CARORL

Administration
Statuts
Charte éditoriale
Comité éditorial


Bibliographie
Cas cliniques



7ème Congrès - Strasbourg 1993
par Boisson-Bertrand Dominique , mis a jour le 13 juillet 2010

La 7ème Journée du Club d’Anesthésie-Réanimation s’est déroulée le 8 octobre 1993 à Strasbourg.

Les traumatismes maxillofaciaux ont été développés en première partie de matinée par trois conférenciers.

Pour P. BARRIOT (Metz-Armées), l’asphyxie par obstruction des voies aériennes est la principale cause de mortalité et, si l’intubation doit rester la technique préférable pour assurer la liberté des voies respiratoires, l’intubation rétrograde et la minicricothyroïdotomie restent des techniques de sauvetage qu’il ne faut pas méconnaître. Il convient de rechercher systématiquement un traumatisme crânien ou cervical associé, ou une autre lésion à potentiel hémorragique. si le sujet est en état de choc.

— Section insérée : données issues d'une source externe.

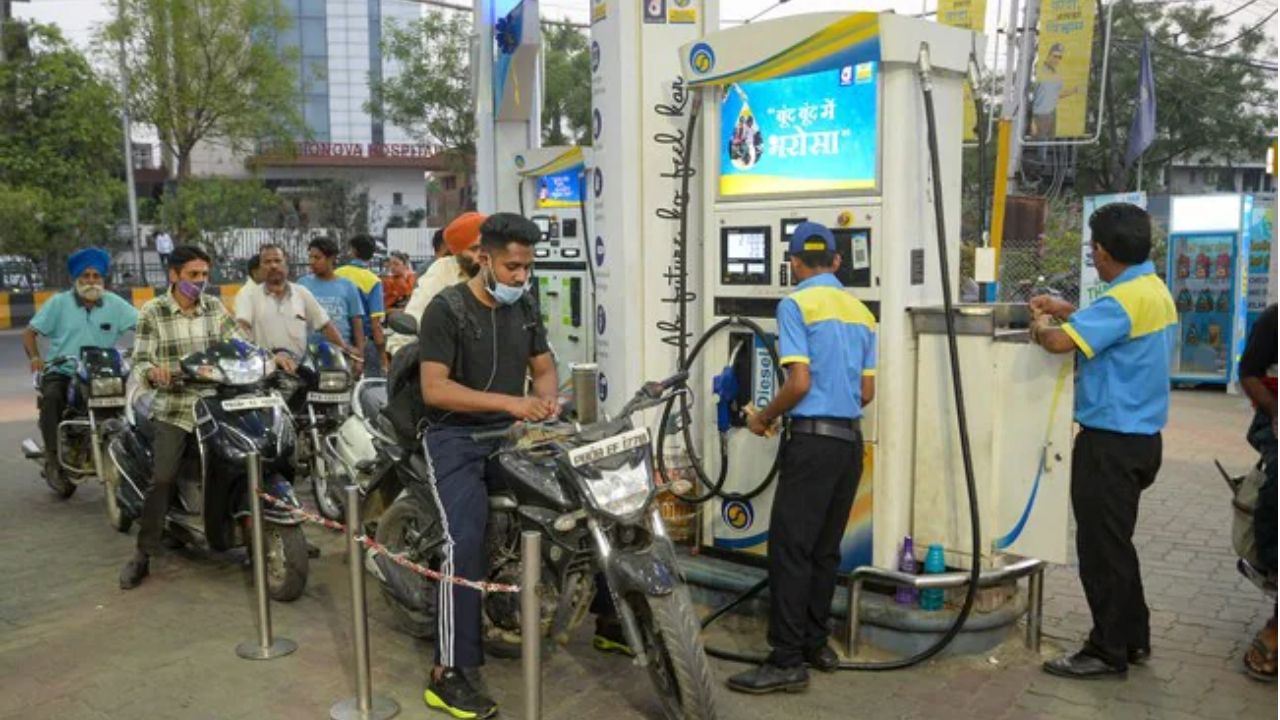 Petrol Diesel Price Today: 1 मई को जारी हुए पेट्रोल-डीजल के नए रेट, टंकी फुल कराने से पहले चेक करें ताजा भाव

J.L. Kahn (Strasbourg) a ensuite exposé une classification anatomique très bien documentée des traumatismes maxillofaciaux, insistant sur l’intérêt diagnostique du scanner pour ces fractures souvent complexes.

M.L. Navez (Saint-Etienne) a souligné l’intérêt de l’anesthésie locorégionale pour ces traumatisés. à laquelle on ne pense pas assez souvent et qui procure pourtant une analgésie résiduelle appréciable.

J. VALFREY (Strasbourg) a rapporté son expérience des traumatismes maxillofaciaux de l’enfant, soulignant les problèmes immédiats dïntubation (pas d’intubation nasale en première intention), de saignement, de durée d’intervention et les séquelles neurologiques, fonctionnelles faciales ou esthétiques qui peuvent en résulter. La reconstruction dans les traumatismes balistiques (M.H. FAVREAU - Bordeaux) ne doit pas être entreprise avant le 20è jour.

M. REYFORD (Lille) a présenté avec beaucoup d’enthousiasme l’Augustine Guide, qui permet une intubation orotrachéale sans visualisation du larynx ni mobilisation du rachis. L’apprentissage de la méthode est aisé mais ne supprime pas la fibroscopie, si l’ouverture de bouche est inférieure à 20 mm. Les traumatismes du larynx, dont la méconnaissance entraîne parfois des sténoses particulièrement difficiles à traiter, devraient pouvoir être diagnostiqués précocement grâce au scanner (J.L. STIERLE - Strasbourg). M.A. Ayuso (Barcelone) a également insisté sur un dépistage précoce qui ne doit pas être occulté par le traitement immédiat de lésions graves associées, l’équilibre respiratoire pouvant être très précaire. Quelle est la conduite à tenir en cas de suspicion d’un traumatisme externe des voies aériennes ? J. WEILLER-RACAMIER (Dijon) a proposé de ne pas tenter d’intuber un malade qui respire, mais de le transporter en position demi assise, si les paramètres hémodynamiques le permettent, en conservant la tête dans l’axe de la colonne en raison du risque de fracture cervicale, parfois fléchie pour maintenir la filière et en l’oxygénant. Le traitement peut être chirurgical d’emblée ou médical, sous étroite surveillance, immédiate et prolongée, afin d’éviter les complications secondaires.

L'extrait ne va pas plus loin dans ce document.